鳴尾浜球場に想像を越えたルーキーが出現した。中日遠藤一星内野手、右投げ、左打ちの選手だ。身重182センチ、体重78キロ。均整のとれた体。バッティングはシャープで、守備での動きは機敏だ。26歳。高校(駒場学園)大学(中大)社会人(東京ガス)と場数は踏んでいるが、ドラフトの指名順位が7位。年齢的に見て即戦力として獲得したのはよくわかるが、どうしても指名順位と1軍の即戦力にはギャップを感じる。中日ファームは今回の対阪神戦が開幕ゲーム。首脳陣がどんな起用をするかで遠藤の存在は浮き彫りにされる。特にこの点を注目してみた。

 初戦から「1番遊撃手」でスタメン出場した。3連戦いずれもフルイニングの出場だ。これでチームの期待度ははっきりした。

 実力のほどはわかってきたが、それ以前に年齢からくるプロ入りの戸惑いはなかったのか。近年、選手寿命は伸びているとはいえ、東京ガスに勤めていれば将来の生活は保障されている。なのに、あえて厳しいこの道を選択した。野球選手として、その世界の最高レベルを誇る場所で勝負したい気持ちは持ち続けていた。いわゆる“男のロマン”である。「人生は一度しかありませんから戸惑いはありませんでした」。すがすがしい表情でこう語った。もう、プロの顔になっている。ハンカチ王子(日本ハム・斎藤佑樹)世代のオールドルーキーとはいうが、ノンプロ時代には日本代表選手に選ばれた実力の持ち主。

 遠藤のレベルは…。
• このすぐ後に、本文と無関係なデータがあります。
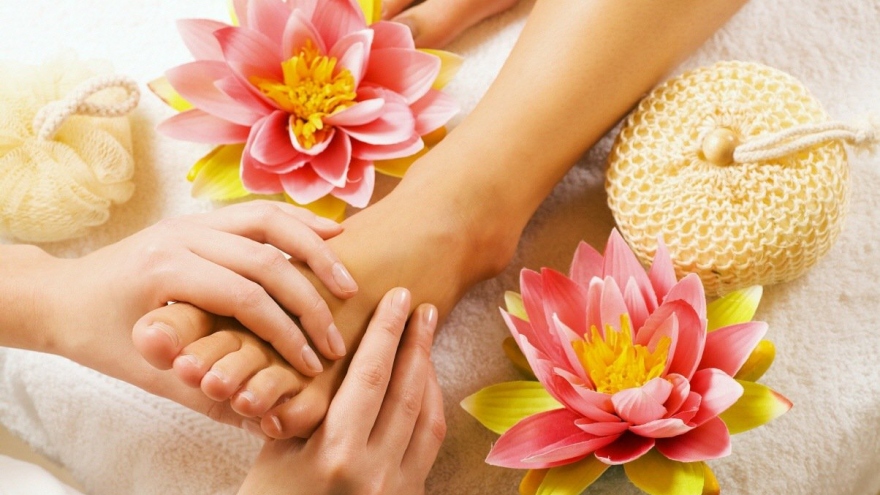 Lợi ích của việc massage chân trước khi ngủ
高柳野手総合打撃コーチと、渡辺内野守備走塁コーチに話を聞いてみた。

 まずは高柳コーチ「いいセンスの持ち主ですね。バッティングは、もうフォームは固まっていますし、1軍レベルに近い力を持っています。攻、守を総合しても1軍は近いですね」と見ている。

 渡辺コーチはこうだ。「現状での課題は守りですね。動きは悪くないし、グラブさばきにも欠点はありませんが、問題をあげるとするなら右足の動きですね。ちょっと出るのが遅い。今の右足の動きだと、足の速い左バッターの打球が三遊間のやや深いところに飛んだら、まず一塁で刺すのは無理でしょう。ほんのわずかなことですがね。走塁に関しては問題ありません」。両コーチの話を総合すると-。
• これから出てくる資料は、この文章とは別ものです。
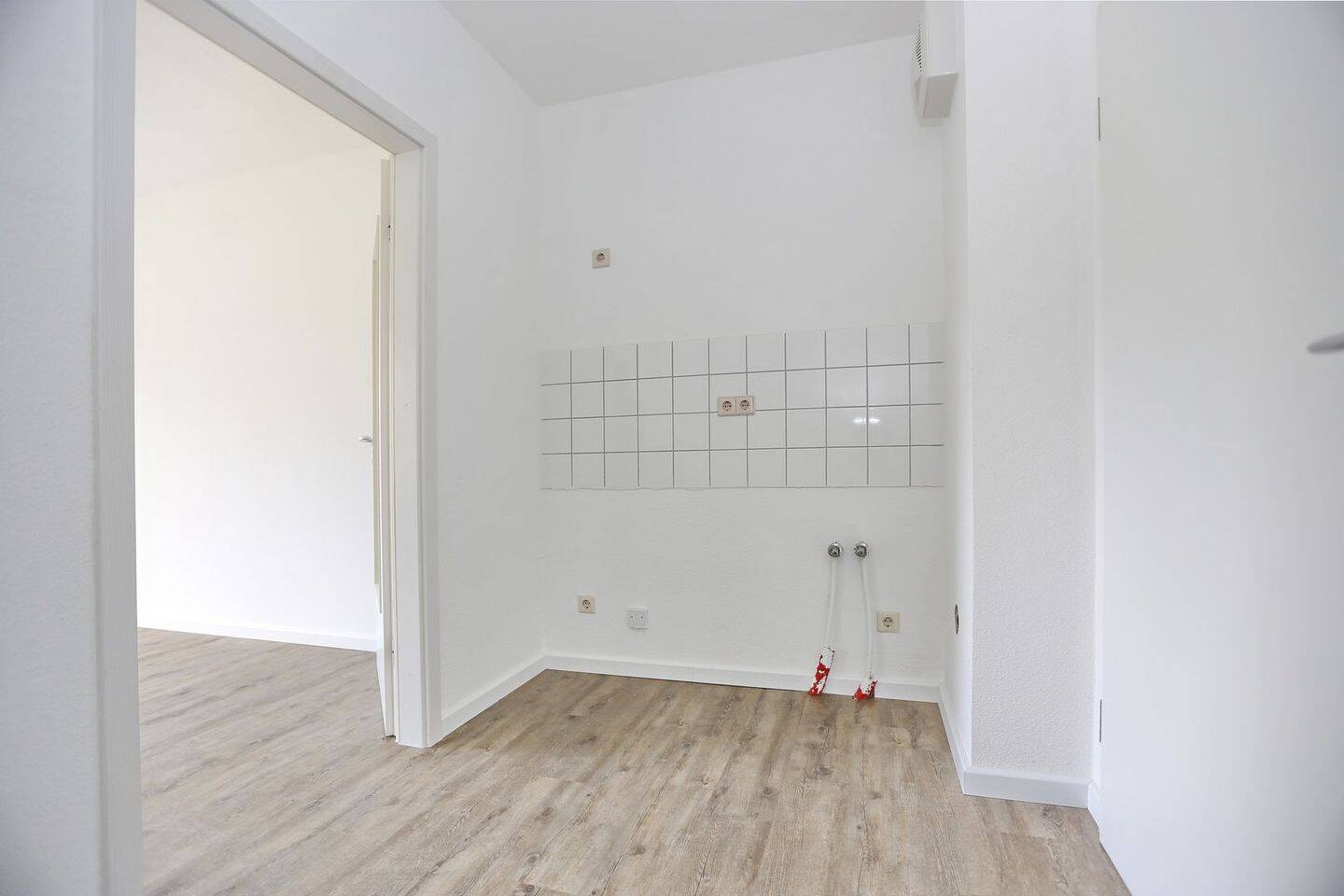 Waldesruh - Lichtdurchflutete Wohnung mit Balkon – Zossen – Vorschaubild 5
 ひょっとして1軍の開幕戦。スタメンに名前を連ねている可能性があるようにも聞こえた。鳴尾浜球場での対阪神3連戦、じっくり見せてもらった。初戦はというと、あの話題のドラ1ルーキー横山が相手。緊張の初打席だったと思うがなんなくストレートの四球。2打席目は変化球を右前に運んだ。2人の対戦を見ているとどちらが“ドラ1”でどちらが“ドラ7”かわからない結果が出た。並の新人ではない。2戦目、今回の相手は1軍経験者、左腕の筒井だったが初打席で左前打。3戦目は歳内。右翼線二塁打と左越え三塁打の2長打を放って2打点の活躍。チームの勝利に貢献した。
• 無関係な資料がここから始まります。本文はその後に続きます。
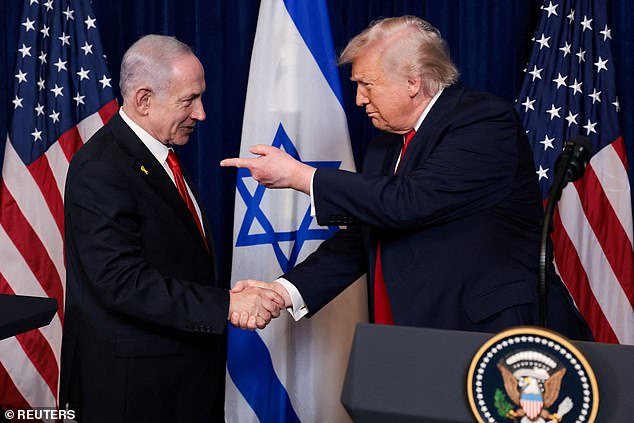 Trump Defies Netanyahu, Rejects Plan to Incite Iranian Violence After Airstrike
 「まだ3試合終わったばっかりですから-。これから先の方が長いですし、1シーズンを通していいプレーができる体力をつけないといけません。現状はまだ手探りの面もありますし、頑張るしかありません。でも、3試合ともヒットは出ましたし、気持ちの上では多少楽になりました」

 最後のひと言でやっと笑顔がこぼれたが、新人らしからぬ落ち着いたプレーはひのき舞台でも見劣りはしない。この世界に飛び込んで約3カ月。遠藤にプロの水はどう映ったのだろう。「ノンプロ時代は会社の仕事もあって、野球ばかりをしていたわけではありませんが、プロはやっぱり、本当に野球漬けですね。約3カ月程度ですが、まわりの人を見ていると皆さんレベルが高い。そういう意味で我々、力をつけるためには野球漬けは大歓迎です。目指すは1軍です」。力強く宣言してくれたが、現在の中日にはショートのレギュラーはいない。ドラフト7位の選手が開幕スタメンを飾るか。あり得る。注目したい。